Li Jun

Personal information
- Nationality: China
- Born: 20 November 1985 (age 40) Shanghai, China
- Height: 1.82 m (5 ft 11+1⁄2 in)
- Weight: 76 kg (168 lb)

Sport
- Sport: Shooting
- Events: Trap, double trap
- Club: Shanghai Sports Club
- Coached by: Wang Lan

Medal record
Men's shooting
Representing China
World Championships
| Gold medal – first place | 2011 Belgrade | Double trap |
Asian Championships
| Silver medal – second place | 2011 Kuala Lumpur | Double trap team |

= Li Jun (sport shooter) =

Chinese sport shooter (born 1985)

Li Jun (李 君 (Li Jūn); born November 20, 1985, in Shanghai) is a Chinese sport shooter. He won a gold medal in the men's double trap at the 2011 ISSF World Shotgun Championships, with a total score of 194 targets, earning him a spot on the Chinese team for the Olympics.

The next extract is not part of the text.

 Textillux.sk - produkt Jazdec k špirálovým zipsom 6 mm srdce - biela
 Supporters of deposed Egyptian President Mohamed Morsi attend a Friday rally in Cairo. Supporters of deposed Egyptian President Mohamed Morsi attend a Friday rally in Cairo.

Li represented China at the 2012 Summer Olympics in London, where he competed in the men's double trap, along with his teammate and Olympic bronze medalist Hu Binyuan. He scored a total of 134 targets in the qualifying rounds, five points ahead of India's Ronjan Sodhi after the final attempt, finishing in tenth place.